Chowdene has a rich history of faith.
John Wesley visited the area several times during his ministry.
“The same flame was kindled in Gateshead Fell, while I was opening and applying these words, ‘Everyone that hath this hope in Him, purifieth himself even as he is pure.” Wesley’s Journal, 19th May, 1761.
“About three I preached at Gateshead Fell; about 5 at Garth Heads; at each place to a larger congregation than I ever saw there before. What a change is wrought in this whole country! And will it not be wrought in the whole country!” Wesley’s Journal, 14th June, 1761.
Chowdene (Bute Terrace) Primitive Methodist Chapel, Low Fell
The earliest reference to the PM’s meeting in Low Fell, is recorded in 1824 when it was noted that the meeting house was to be demolished. It seems the work was then allowed to diminish until 1865 when the Society were given permission to rent the Methodist New Connexion Chapel (Bethany) in the village, whenever it was available. Within two years, regular services were being held along with other events from fruit banquets to coffee suppers.
The New Connexion were loathe to spend any money on the Bethany chapel and by 1875 the building was becoming unsafe. Spurred on by this, the members of the PM Society formed a Trust and purchased land further north into the village.
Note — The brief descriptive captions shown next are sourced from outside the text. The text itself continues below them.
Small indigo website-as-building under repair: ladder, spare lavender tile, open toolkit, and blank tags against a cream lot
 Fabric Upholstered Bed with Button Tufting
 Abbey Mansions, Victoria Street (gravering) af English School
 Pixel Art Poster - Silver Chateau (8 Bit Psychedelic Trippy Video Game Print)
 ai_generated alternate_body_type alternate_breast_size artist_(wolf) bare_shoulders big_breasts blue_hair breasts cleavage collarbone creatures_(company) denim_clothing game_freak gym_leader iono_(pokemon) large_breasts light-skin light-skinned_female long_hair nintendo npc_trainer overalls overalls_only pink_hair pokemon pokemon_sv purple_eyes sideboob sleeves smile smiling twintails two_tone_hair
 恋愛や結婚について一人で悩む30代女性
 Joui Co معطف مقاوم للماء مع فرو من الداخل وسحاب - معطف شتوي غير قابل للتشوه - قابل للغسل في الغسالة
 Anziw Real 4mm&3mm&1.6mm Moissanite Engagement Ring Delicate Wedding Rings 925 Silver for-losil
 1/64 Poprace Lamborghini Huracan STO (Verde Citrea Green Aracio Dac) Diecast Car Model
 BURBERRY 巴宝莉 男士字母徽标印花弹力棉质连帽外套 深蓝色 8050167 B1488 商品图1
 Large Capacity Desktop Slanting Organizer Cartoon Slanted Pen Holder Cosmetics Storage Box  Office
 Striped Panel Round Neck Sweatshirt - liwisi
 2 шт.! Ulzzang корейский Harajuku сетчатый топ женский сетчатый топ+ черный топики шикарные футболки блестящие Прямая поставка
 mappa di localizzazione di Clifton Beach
Foundation stones for the chapel and schools were laid on 25 September 1880 and the building opened for worship the following year. (There is a mention in the Primitive Methodist magazine of November 1880 (page 702) of the laying of memorial stones in the building of Low Fell chapel, Gateshead. )
The 1881 Primitive Methodist magazine contains a note of the opening of “a very neat village” Primitive Methodist chapel at Low Fell in the Gateshead Station.
It cost £658 towards which they had raised £312. There was a couple of vestries together with provision for a schoolroom at a later date.
By 1925, the north wall of the chapel was causing a lot of problems and major improvements were carried out. In addition, a vestry and WC’s were built on to the back of the chapel.
In the 1930s, the chapel was re-named “Chowdene Methodist Church” and moved into the Gateshead East Circuit. At this time there were 70 members. The chapel survived WWII unharmed by its use as an ARP station and saw its membership rise to 124. The Sunday School reported extreme over-crowding as a result of many “country” children attending.
In 1946, the north wall was again causing problems to the structure and resulted in the chapel being closed for 18 months whilst the main roof trusses were replaced and the wall – which was collapsing – repaired. Re-opened on 17 January 1948, the chapel took on a new life with capacity gatherings of most events and services. The Women’s Fellowship meeting numbered over 120 members and recorded a 78rpm record in 1950.
By 1965, faced with growing debts, dwindling resources and members leaving, the Trust recommended that the chapel should be closed and the members transfer to Wesley Memorial Church (ex WM). Extensive dry rot had been discovered in the chapel, schoolroom and kitchen and this greatly affected the amount of money that could be got for the premises which were eventually sold for £3,000, including fixtures and fittings, to the Open Brethren.